L’abitudine e la consuetudine con il mostruoso brutto aveva radici antiche nella tradizione giudaico-cristiana. Animali simbolici ed esseri mostruosi sono presenti nella visione di Ezechiele, ripresa e divulgata ulteriormente da Giovanni nell’Apocalisse; il Leviatano descritto da Giobbe (41, 1-27) è un essere che incute terrore. Accadimenti terribili e catastrofi sono presenti nell’Antico testamento, in forma di piaghe, carestie, invasioni di mosche infette e di locuste, tenebre e pestilenze, bolle e ulcere purulente che infestano i corpi di uomini, donne e bambini egizi, eventi inquietanti. Nella caduta dell’angelo ribelle e nella sua metamorfosi diabolica è insita la complessità di tutte le antinomie, dei paradossi e dei misteri che hanno preso corpo nelle religioni monoteistiche. Lucifero, figlio dell’aurora, è caduto dal cielo ed è stato precipitato negli inferi, nelle profondità dell’abisso (Isaia 14, 12-21), e lì è divenuto Satana, dominatore di tutti i diavoli, il seduttore di tutta la terra, il serpente antico, il gran drago che guerreggiò con gli angeli condotti da Michele (Apocalisse, 12: 1-5, 7-9). In San Michele arcangelo caccia Lucifero (1545 circa), Lorenzo Lotto raffigura l’ambiguità seducente che si porta con sé l’angelo ribelle. Il tema della lotta fra Michele e Lucifero è un’iconografia tipica della Controriforma che vedeva la figura del ribelle come immagine di Lutero o dell’eretico che si insinua in modo seducente. Lotto però la affronta impostando gli aspetti iconografici su dettagli che assumono un’originale visione personale rispetto ad altri artisti del suo tempo.
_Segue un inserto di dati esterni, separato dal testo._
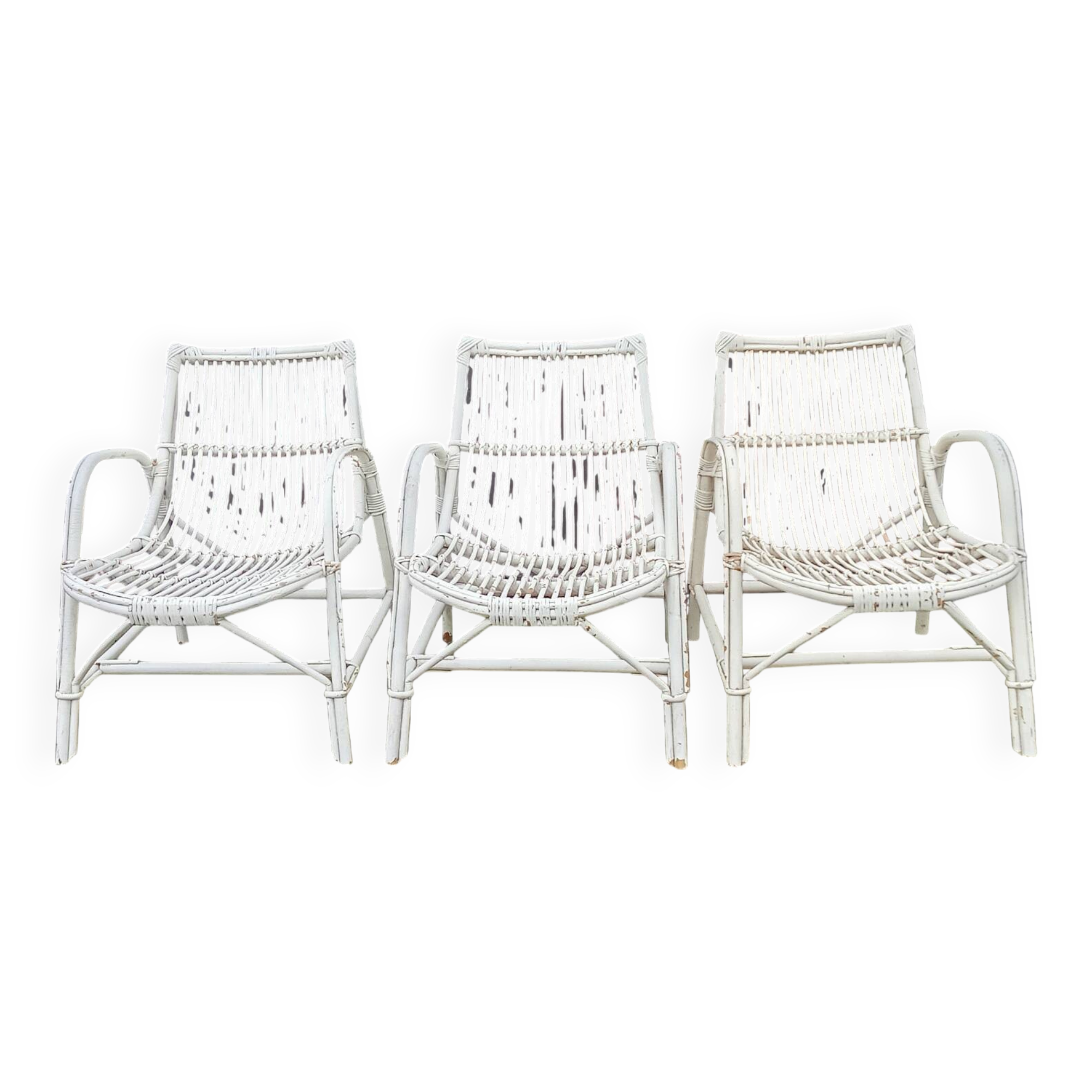 Set of 3 rattan armchairs from the 1970s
Lucifero è descritto con le sembianze di un aggraziato e femmineo efebo, attraente e sensuale, che ha mantenuto inalterata la sua bellezza angelica. Ha una coda che, passando fra le sue gambe e sfiorandogli il pube, pare terminare con un muso di serpente o di un animale aggressivo. L’arcangelo Michele con uno sguardo pietoso sembra voler soccorrere Lucifero.
Tende la mano sinistra verso di lui, nell’istante in cui l’angelo decaduto si è capovolto e sta andando verso un’altra realtà, nel baratro del suo inferno. La drammaticità dell’evento è resa manifesta dal gesto delle sue mani, consapevole dell’ormai invalicabile confine creatosi tra due realtà, che continueranno ad allontanarsi come in un’eterna caduta nell’universo. Invece nelle numerose versioni pittoriche o scultoree medievali, Lucifero è raffigurato con una testa a tre volti mentre è intento a divorare nell’inferno i corpi dei dannati(12).